Studies have shown that common figures of speech have become so familiar to us that they have become semantically null — our brains tend to overlook clichés as meaningless noise and skip the informational content that might be contained therein. From a writer’s point of view every word has relevance, but if the writer relies too heavily on phrases that are too familiar, the reader is in danger of missing much of what the writer is attempting to convey. Every author needs (at least) a thesaurus in her tool-kit; but, as most readers can attest, an author who relies too heavily on a thesaurus for word choice can come off sounding pompous, pretentious our outdated.
Mr. Heehler’s “The Well-Spoken Thesaurus” is broken into two major sections: A short “Rhetorical Form and Design” style guide and the larger thesaurus itself.

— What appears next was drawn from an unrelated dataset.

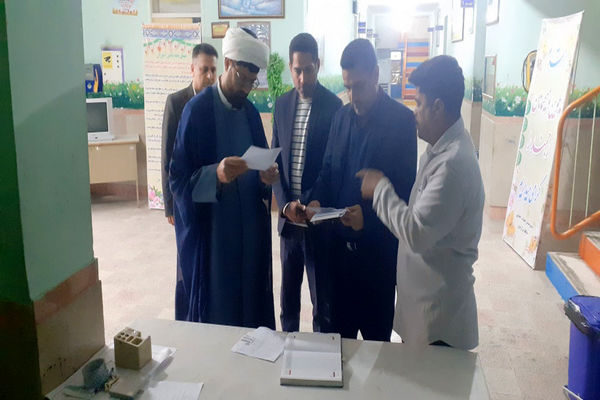 بازدید ناظران استانی از ستاد اسکان فرهنگیان دشتستان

Presented in a series of short,lessons, Rhetorical Form and Design offers samples from 17 separate authors and orators to showcase each rhetorical form. Lesson 3 uses passages from Ernest Hemingway in discussing verb displacement.; and you will find examples of objectification in the words and phrasing of Edith Wharton in Lesson 7.
Between the rhetorical lessons and the thesaurus you will find a brief discussion of the Seven Rhetorical Sins, again with examples from well-known authors (Steven King provides an example of cliché and a Jacqueline Susann passage shows why melodrama is to be avoided). The cautionary tale of rhetorical devices to avoid is followed by a short how-to-use-this-book passage, explaining the differences between this “rhetorical” thesaurus and more standard thesaurus, as well as offering some guidelines on how to best put the “Well -Spoken Thesaurus” to use.
The thesaurus entries comprise the bulk of this reference book and focuses not on a mere list of synonyms, but provides rhetorically related words that the author has coined as “powernyms” which allow writers to use ordinary words in extraordinary ways. Extraordinary language use does not often involve more flowery or formal language, but it does carefully present the words in a fashion that catch the reader’s imagination without causing them to stumble over obvious attempts to impress. For example, instead of “might have been” the thesaurus offers “might have proved.” Replacing been with proved gives the reader a verb to grab on to that has a slightly richer flavor than the placeholder “be” verb, without pulling the reader out of the story to admire the word choice. Mr. Heehler cautions against over-doing when editing for eloquence; suggesting that only one phrase per passage should be touched up, lest you run the risk of sounding pretentious.
For those who wish to extend their rhetorical range, the Well-Spoken Thesaurus is a good tool to start with, but I would also highly recommend learning at the feet of the masters At the very least become familiar with some of the seventeen authors presented in the first section, not just to study a phrase here and there, but to attune your eye and ear to excellent writing, and incorporate the best of each into your own experience.